The Turning is Tim Winton’s 2004 collection of short stories set primarily in the small Western Australia town of Angelus. The book won the Christina Snead Prize for Fiction and the Queensland Fiction Book Award. The seventeen linked stories in this collection explore themes of generational change, socioeconomic anxieties, and the lingering effects of trauma using the modes of 21st century realism.

Plot Summary

The stories in The Turning take place over several decades of life in and around Angelus, Western Australia, and trace the lives of various characters, most of whom are directly connected to Vic Lang or his family. Though each story can be read on its own, considering the work as a whole reveals thematic and narrative links that heighten the impact and meaning. The stories are not presented chronologically, and Winton uses this to maximize the dramatic irony as he explores the decline of the town through the lens of the Lang family.

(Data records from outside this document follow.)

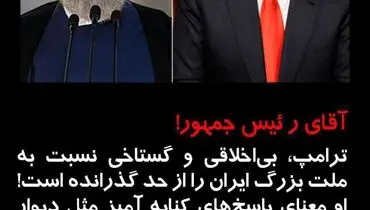 جوابی که ترامپ از ایران انتظار دارد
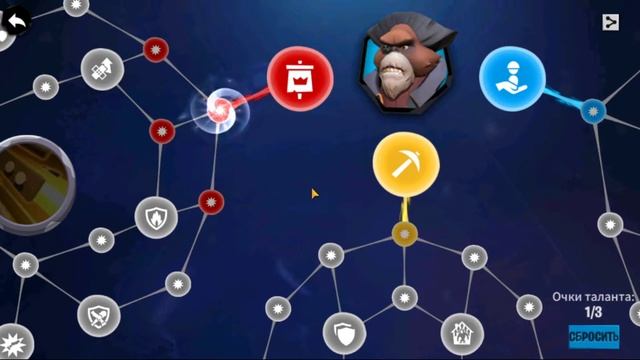 Гайд как быстро построить ракету в игре Age of Apes? Age of Apes на русском age of apes apk 2020 #1 смотреть онлайн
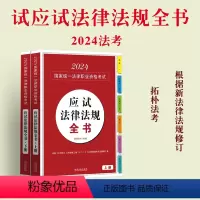[正版]拓扑法考2024应试法律法规全书 上下册 含新公司法 民事诉讼法 行政复议法 刑法修正案十二 民法典合同编通则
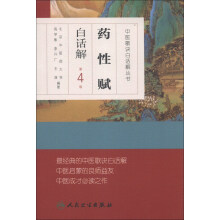 中医歌诀白话解丛书：药性赋白话解（第4版）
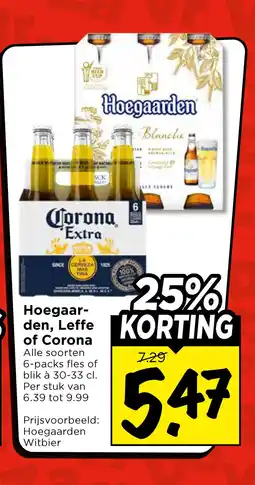 Vomar Voordeelmarkt Hoegaar- den, Leffe of Corona aanbieding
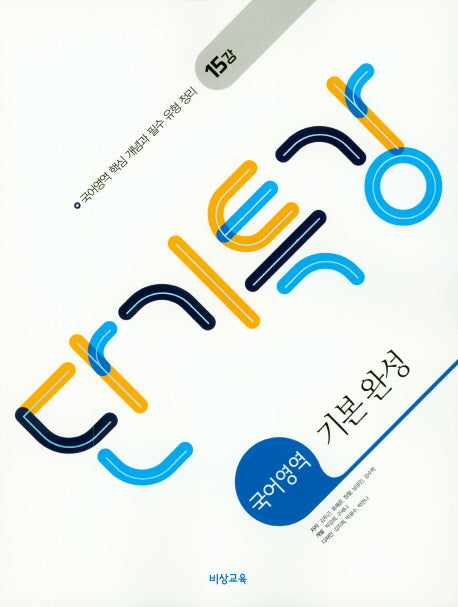 단기특강 고등 국어영역 기본 완성(2026)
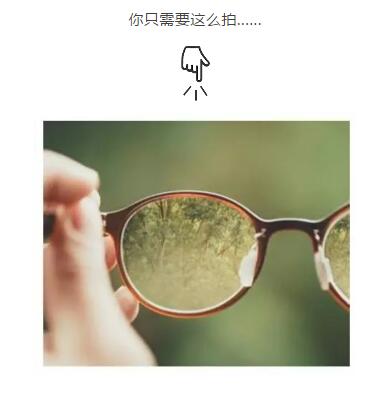 【朦胧派摄影大赛】眼镜作为道具 拍下独特的视角 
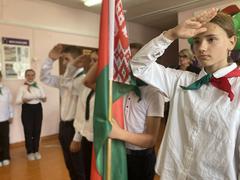 Посвящение в октябрята и пионеры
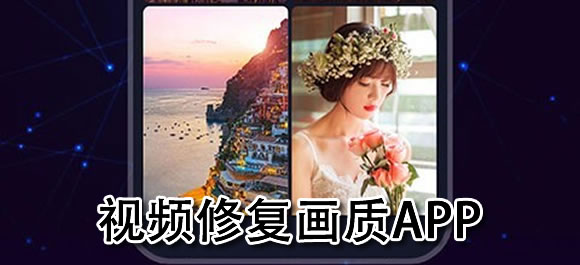 视频修复画质软件有哪些?好用的视频修复画质app推荐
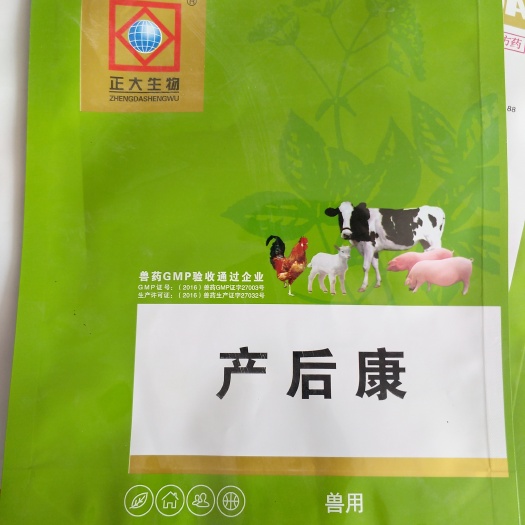 咸阳产后康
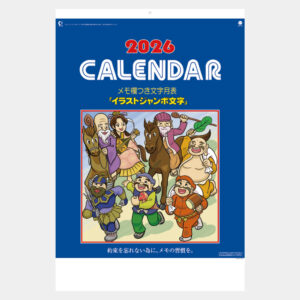 ND-132　イラストジャンボ文字 2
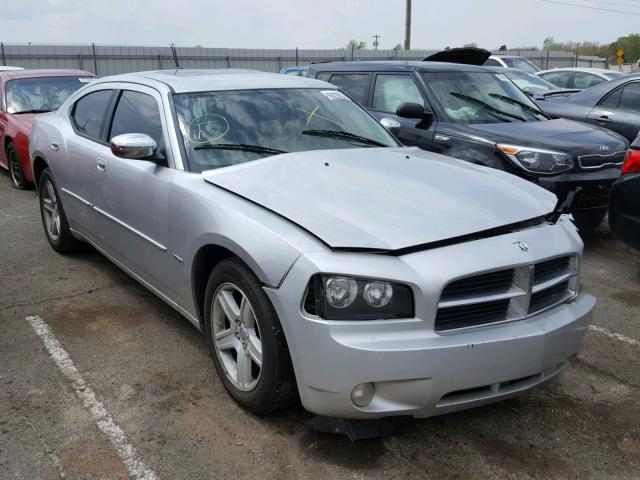 2B3KA53H78H174998 - 2008 DODGE CHARGER R/ GRAY photo 1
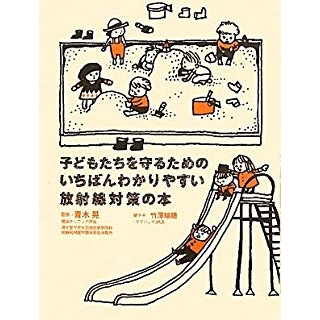 子どもたちを守るためのいちばんわかりやすい放射線対策の本の画像です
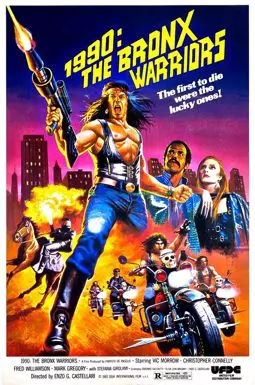 1990: Воины Бронкса - постер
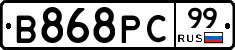 В868РС99 - 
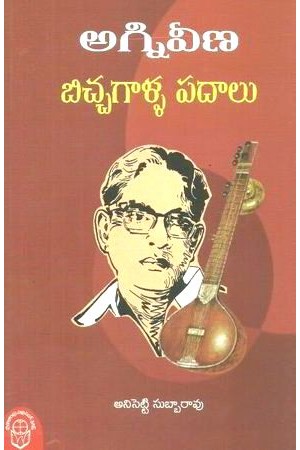 agniveena-bichagalla-padalu-telugu-book-by-anisetty-subbarao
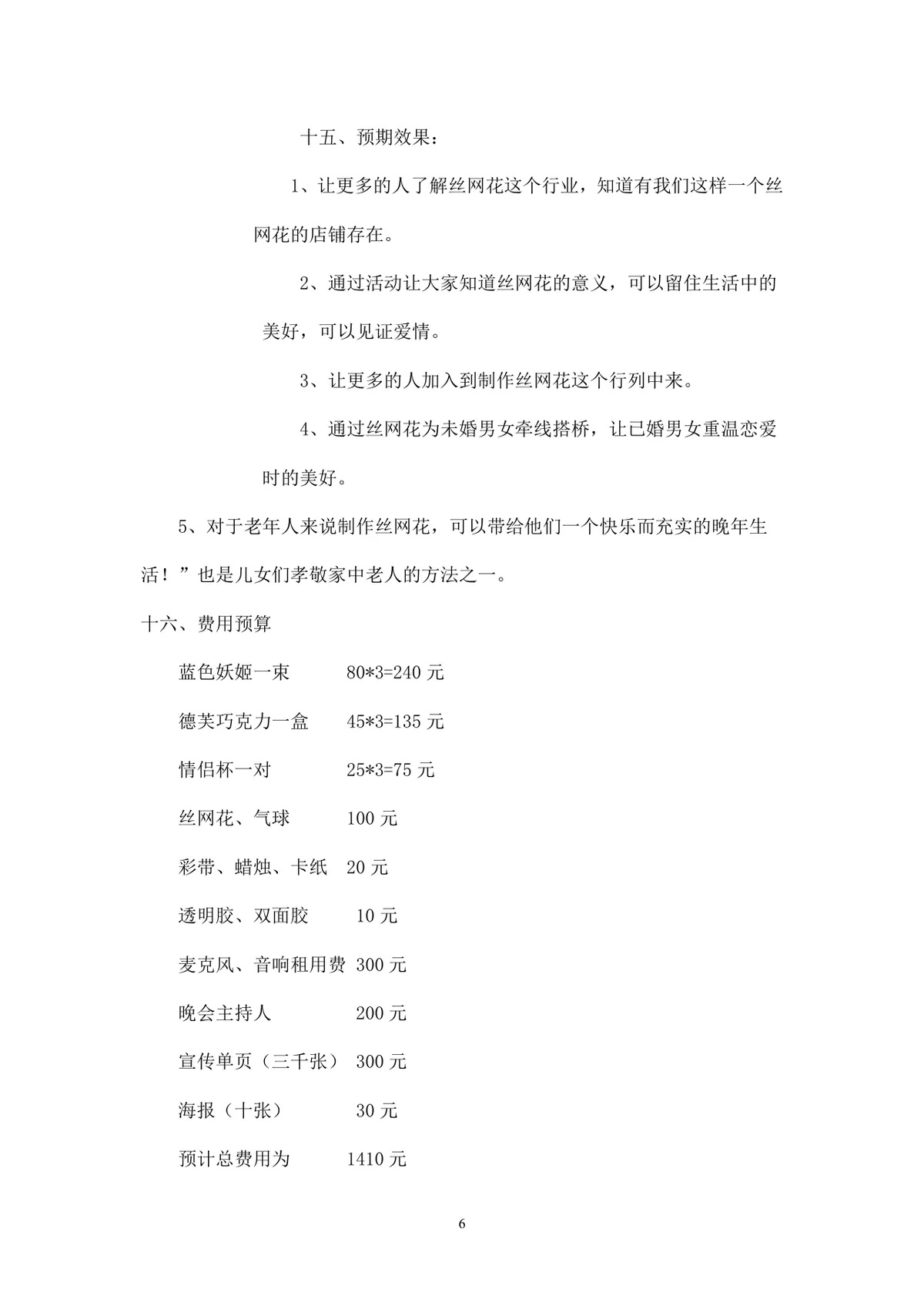 七夕寻缘爱在唯美丝网花节日主题活动策划方案Word文档 - 第6页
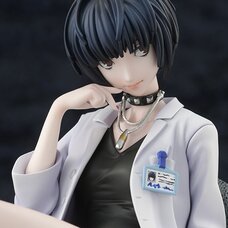 Persona 5 Tae Takemi 1/7 Scale Figure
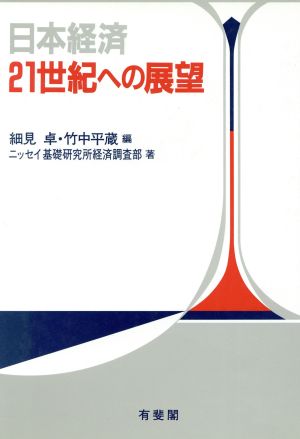 日本経済 21世紀への展望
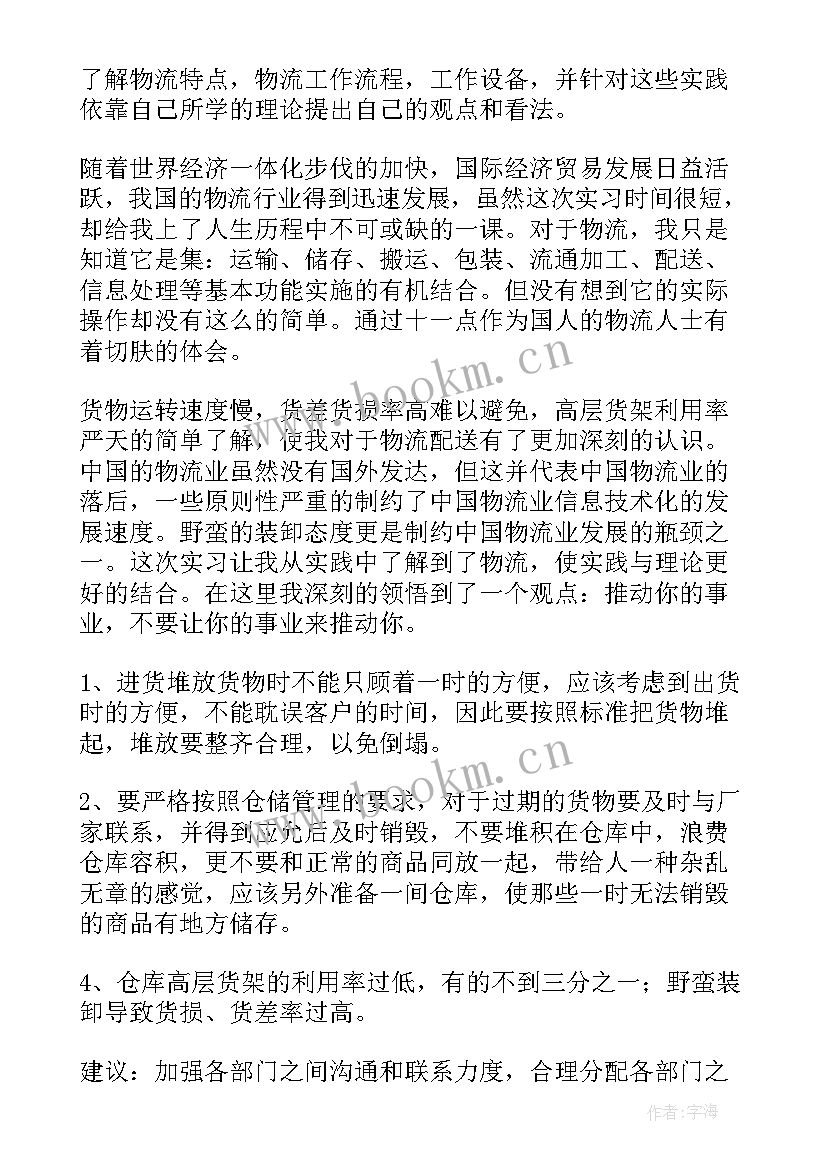 2023年物流专业实践报告总结 大学生物流专业实习报告(模板9篇)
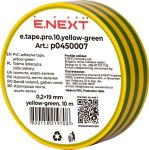 Ізолента e.tape.pro.10.yellow-green із самозатухаючого ПВХ, жовто-зелена (10м), E.NEXT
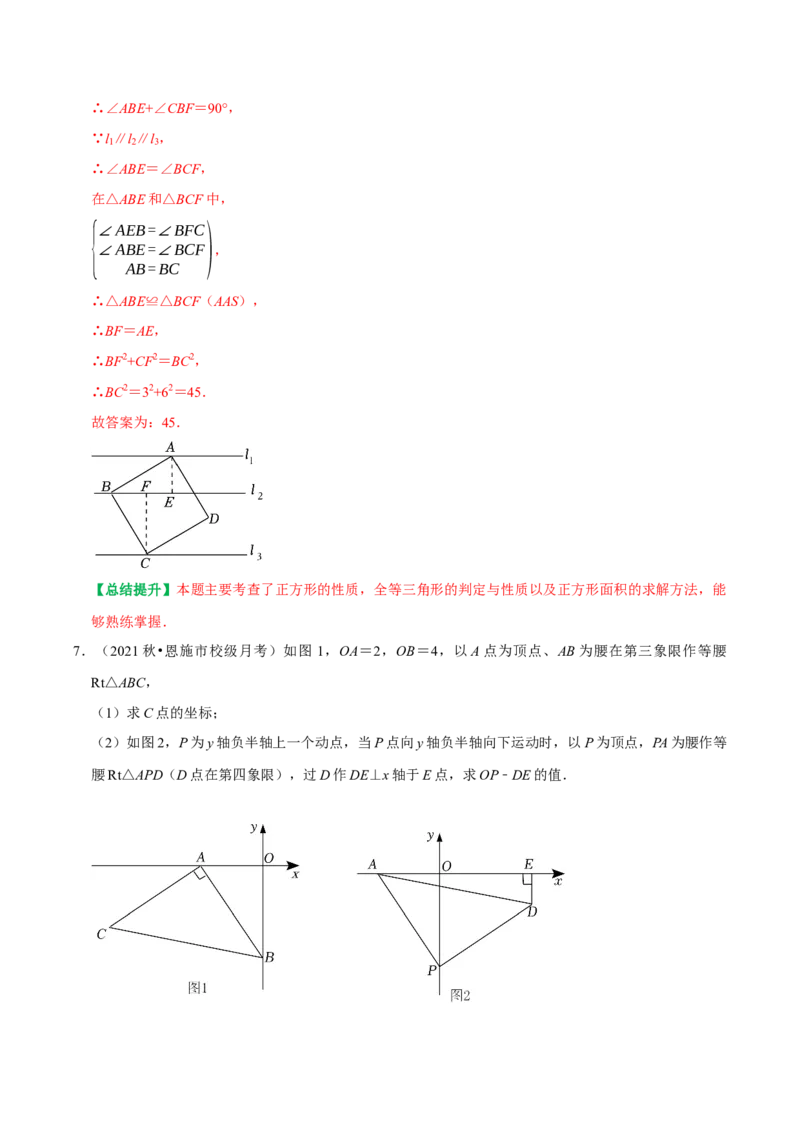专题2全等三角形的常见模型及其构造方法（教师版）_初中数学_八年级数学上册（人教版）_专题训练+提分专项训练-V6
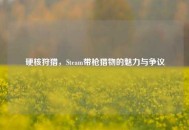 硬核狩猎，Steam带枪猎物的魅力与争议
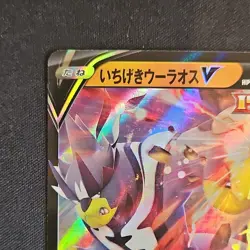 Pokemon Single Strike Urshifu V Full Art Double Rare Holo 092/184 Vmax Climax J… - Image 4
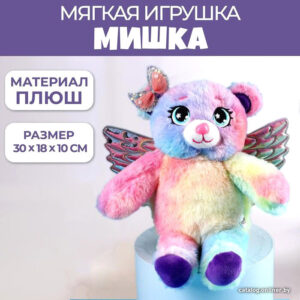Классическая игрушка Milo Toys Ангельский мишка 7333907 цена
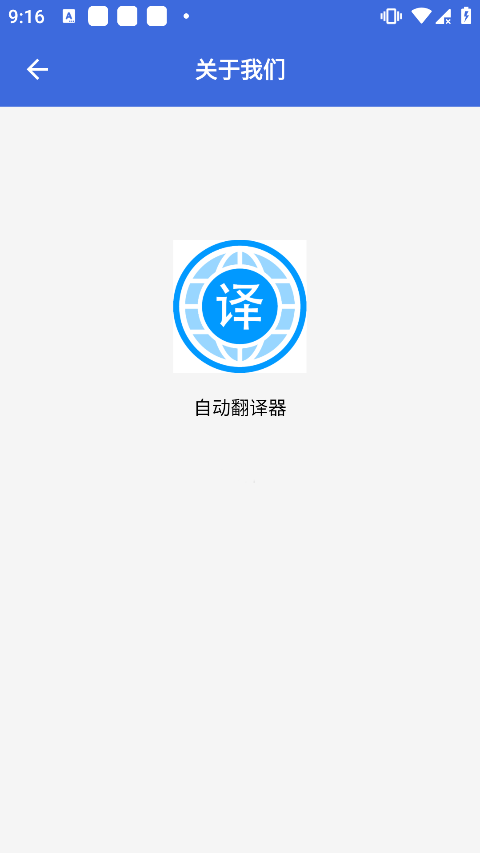 自动翻译器官方最新版图4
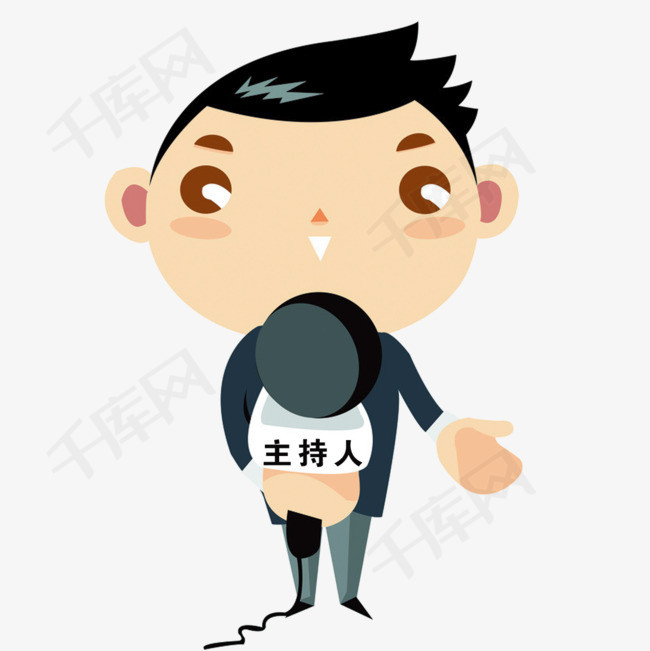 记者png元素记者卡通演讲png元素金话筒主持人
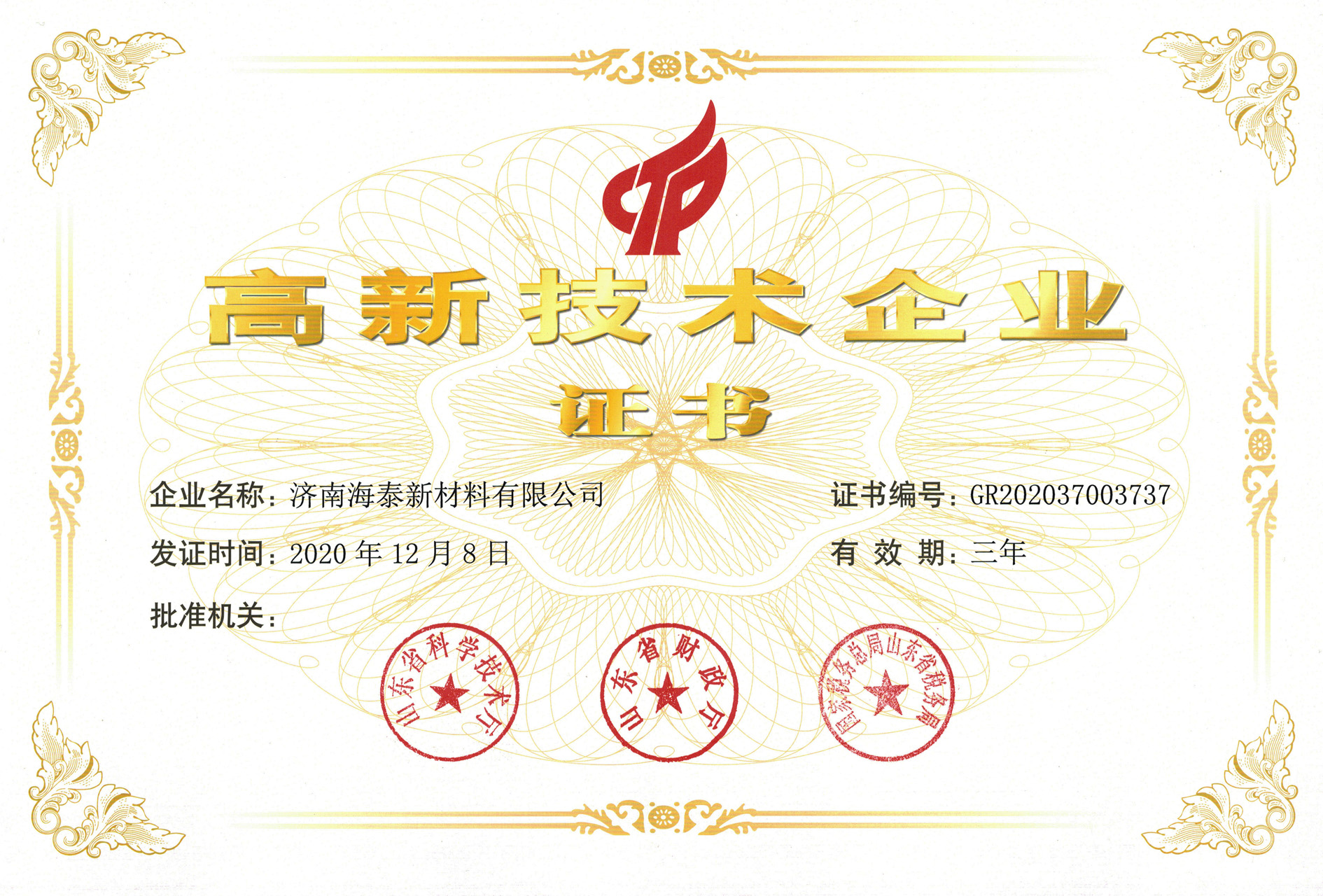 济南海泰新材料有限公司 图3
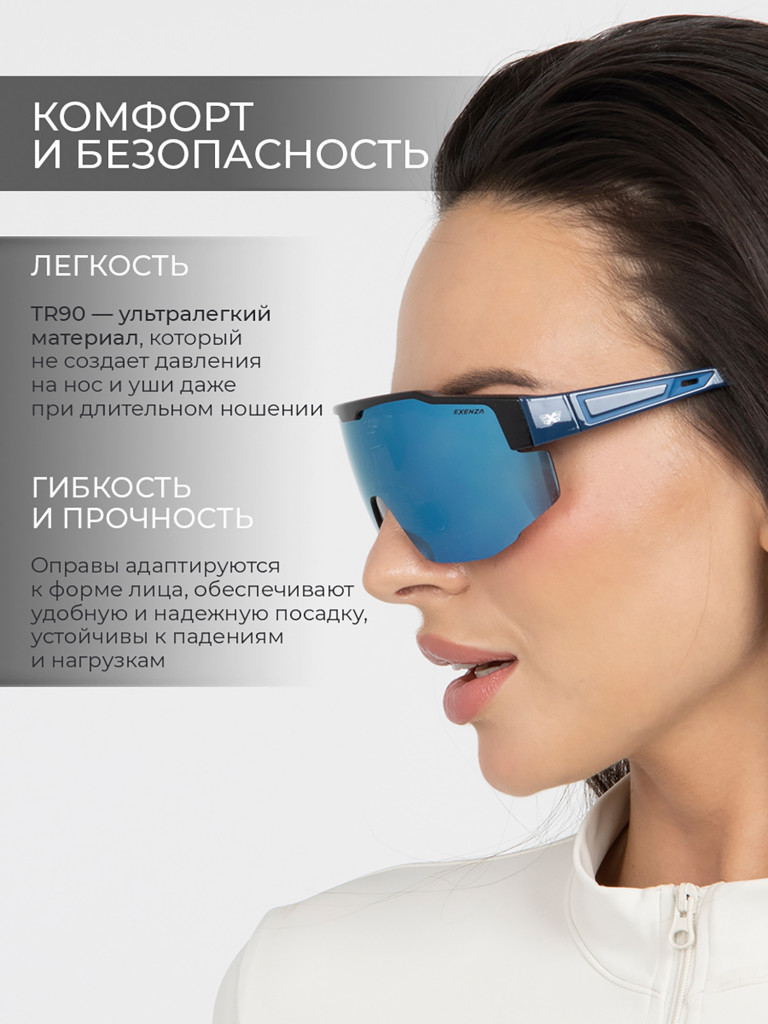 Солнцезащитные очки/EXENZA/FERMO/G03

Vic Lang, his baby sister, and his parents, Bob and Carol, move to Angelus in the early 1970s when his father gets a job as a police officer. Angelus was once a whaling community, but the industry is in decline, as is the town. Vic is in his early teens at this time, and though his initial experience is fairly typical for a boy moving to a new town, he quickly starts to suspect something is wrong. His father becomes distant and starts drinking, and Vic is overtaken by anxiety; “Long, Clear View” and “Fog” recount this time from Vic and Bob’s viewpoints, respectively. Drugs and racial tensions in Angelus, as well as widespread police corruption, are taking a toll on the family, even though Vic is unaware of the exact cause of his anxiety.

Bob Lang abandons his family after his drinking becomes worse and he can no longer bear being quiet about the corruption at his job. One of the catalysts for this is the brutal beating of Boner McPharlin, a high-school troublemaker and outcast who is at the center of “Boner McPharlin’s Moll.” Another is the sudden death of Bob’s daughter by meningitis.

Bob is out of Vic and Carol’s life for nearly three decades, which has profound effects on who Vic grows up to be. At the same time, Vic is beginning to be interested in girls, and has unhealthy obsessions in his youth that linger into adulthood—“Abbreviation” is about his youthful sexual encounter with a sad young woman who lost her finger in a farming accident, and “Damaged Goods” sees Vic’s wife struggling to understand why he is still thinking about a girl he went to high school with who had a birthmark on her face.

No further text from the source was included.